A high-voltage power supply of about 600 V is connected to a drain of the MOSFET 7a via a high-voltage power terminal HV in the IPM, for example. The source of the MOSFET 7a and the drain of the MOSFET 7b are connected to the reference power terminal Vs of the driver IC 30 and an output terminal OUT of the IPM. The source of the MOSFET 7b is connected to an output ground terminal GND of the IPM to be grounded.

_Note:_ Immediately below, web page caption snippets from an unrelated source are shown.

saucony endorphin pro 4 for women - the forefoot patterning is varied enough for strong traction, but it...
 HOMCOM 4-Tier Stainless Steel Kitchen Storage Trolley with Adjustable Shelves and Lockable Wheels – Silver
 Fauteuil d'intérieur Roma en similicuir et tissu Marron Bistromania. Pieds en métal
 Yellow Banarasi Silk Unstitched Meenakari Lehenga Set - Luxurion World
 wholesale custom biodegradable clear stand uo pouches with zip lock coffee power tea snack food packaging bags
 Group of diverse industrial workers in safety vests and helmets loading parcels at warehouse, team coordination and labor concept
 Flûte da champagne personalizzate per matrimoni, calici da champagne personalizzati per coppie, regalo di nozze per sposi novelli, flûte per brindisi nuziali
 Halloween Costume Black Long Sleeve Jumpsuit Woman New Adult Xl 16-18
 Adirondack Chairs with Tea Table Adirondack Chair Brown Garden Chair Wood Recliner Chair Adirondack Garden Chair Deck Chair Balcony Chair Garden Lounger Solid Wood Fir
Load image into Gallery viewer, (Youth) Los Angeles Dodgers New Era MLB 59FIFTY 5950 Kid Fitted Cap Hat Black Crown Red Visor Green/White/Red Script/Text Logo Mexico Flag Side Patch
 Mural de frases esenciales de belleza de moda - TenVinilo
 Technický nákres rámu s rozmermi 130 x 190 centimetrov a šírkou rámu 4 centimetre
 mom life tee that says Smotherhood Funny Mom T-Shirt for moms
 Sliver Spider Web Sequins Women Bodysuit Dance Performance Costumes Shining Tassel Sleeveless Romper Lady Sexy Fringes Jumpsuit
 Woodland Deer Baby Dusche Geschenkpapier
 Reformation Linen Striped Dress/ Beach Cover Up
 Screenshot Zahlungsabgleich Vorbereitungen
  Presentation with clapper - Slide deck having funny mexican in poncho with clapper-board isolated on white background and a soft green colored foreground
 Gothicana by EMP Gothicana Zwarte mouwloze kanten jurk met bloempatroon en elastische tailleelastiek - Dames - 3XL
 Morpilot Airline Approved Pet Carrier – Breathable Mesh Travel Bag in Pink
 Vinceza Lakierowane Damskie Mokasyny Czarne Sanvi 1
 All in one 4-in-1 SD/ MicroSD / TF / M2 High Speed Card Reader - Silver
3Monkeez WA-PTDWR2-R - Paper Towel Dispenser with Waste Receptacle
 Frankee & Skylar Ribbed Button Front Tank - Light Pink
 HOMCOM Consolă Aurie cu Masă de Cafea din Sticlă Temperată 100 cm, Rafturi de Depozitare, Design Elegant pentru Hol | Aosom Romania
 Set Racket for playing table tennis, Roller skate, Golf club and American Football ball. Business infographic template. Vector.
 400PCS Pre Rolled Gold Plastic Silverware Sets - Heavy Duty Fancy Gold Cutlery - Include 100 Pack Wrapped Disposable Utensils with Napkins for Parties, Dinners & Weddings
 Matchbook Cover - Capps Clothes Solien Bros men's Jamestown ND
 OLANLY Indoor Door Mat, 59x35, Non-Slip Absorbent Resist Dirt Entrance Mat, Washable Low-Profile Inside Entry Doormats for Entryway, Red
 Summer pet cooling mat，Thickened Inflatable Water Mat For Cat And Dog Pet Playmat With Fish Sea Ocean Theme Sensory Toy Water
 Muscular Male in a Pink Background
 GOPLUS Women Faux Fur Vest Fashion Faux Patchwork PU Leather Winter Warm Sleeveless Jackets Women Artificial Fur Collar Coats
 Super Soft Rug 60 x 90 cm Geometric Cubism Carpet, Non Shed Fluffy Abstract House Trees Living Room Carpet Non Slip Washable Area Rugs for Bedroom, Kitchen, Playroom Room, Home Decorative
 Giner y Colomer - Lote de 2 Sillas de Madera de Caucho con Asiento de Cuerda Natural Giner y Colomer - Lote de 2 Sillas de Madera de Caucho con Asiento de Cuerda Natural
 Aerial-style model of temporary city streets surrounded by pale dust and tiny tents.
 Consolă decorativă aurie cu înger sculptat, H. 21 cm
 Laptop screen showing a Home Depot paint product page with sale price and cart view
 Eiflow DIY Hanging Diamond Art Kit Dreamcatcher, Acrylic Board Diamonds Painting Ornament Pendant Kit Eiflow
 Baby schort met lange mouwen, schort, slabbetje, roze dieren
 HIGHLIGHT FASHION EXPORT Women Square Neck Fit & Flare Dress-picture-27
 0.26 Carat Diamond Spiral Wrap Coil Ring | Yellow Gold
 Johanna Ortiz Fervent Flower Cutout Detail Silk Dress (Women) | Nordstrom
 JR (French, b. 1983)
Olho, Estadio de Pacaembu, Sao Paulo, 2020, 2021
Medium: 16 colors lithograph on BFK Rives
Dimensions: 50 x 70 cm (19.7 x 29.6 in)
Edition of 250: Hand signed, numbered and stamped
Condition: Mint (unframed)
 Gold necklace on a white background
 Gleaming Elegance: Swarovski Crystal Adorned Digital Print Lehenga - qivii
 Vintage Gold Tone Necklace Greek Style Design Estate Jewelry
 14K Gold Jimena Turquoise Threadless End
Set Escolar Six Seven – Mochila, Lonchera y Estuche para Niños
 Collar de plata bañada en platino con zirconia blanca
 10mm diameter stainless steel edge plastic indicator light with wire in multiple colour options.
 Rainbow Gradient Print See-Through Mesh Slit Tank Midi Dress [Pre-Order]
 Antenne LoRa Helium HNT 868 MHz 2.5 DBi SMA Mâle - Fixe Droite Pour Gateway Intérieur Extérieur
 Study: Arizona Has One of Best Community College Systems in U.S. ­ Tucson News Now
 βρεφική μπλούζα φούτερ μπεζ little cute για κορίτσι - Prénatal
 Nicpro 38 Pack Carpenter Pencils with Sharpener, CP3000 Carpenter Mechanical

One end of the capacitor 9 is connected to a cathode terminal of the diode 8 and the positive-voltage power terminal Vb, the other end of the capacitor 9 is connected to the reference power terminal Vs, and an anode terminal of the diode 8 is connected to the power terminal Vcc. The diode 8 and the capacitor 9 constitute a bootstrap circuit. When the power-supply voltage supplied via the power terminal VCC of the IPM connected to the power terminal Vcc is charged to the floating capacitor 9, and the potential of the reference power terminal Vs rises via the MOSFET 7a, a high voltage is generated on the positive voltage power terminal Vb by capacitive coupling via the capacitor 9, whereby floating electric supply to the high-side circuit 36 is realized.
When two control input signals having opposite phases, are inputted to the control input terminals Inh and Inl respectively, an output signal having the high voltage applied between the power terminal HV of the IPM and the ground terminal GND as an amplitude is generated on the output terminal OUT of the IPM connected to the reference power terminal Vs.
The reason why the pulse generating circuit 31 and the RS flip-flop 34 are used in the conventional circuit structure illustrated in FIG. 8 is to suppress the power consumption on the high-side circuit 36 as much as possible and to keep the output capability of the inverter 35, since the bootstrap circuit has a limitation on power to be supplied to the capacitor 9.
However, the conventional circuit structure has a problem that the input of the RS flip-flop 34 is liable to malfunction to noise. Under the condition with a lot of noise such as the high-side circuit 36, a measure against noise is required. In view of this problem, Patent Document 1 proposes a circuit structure in which a filter configured with a logical circuit is provided in front of the RS flip-flop to prevent the malfunction caused by noise.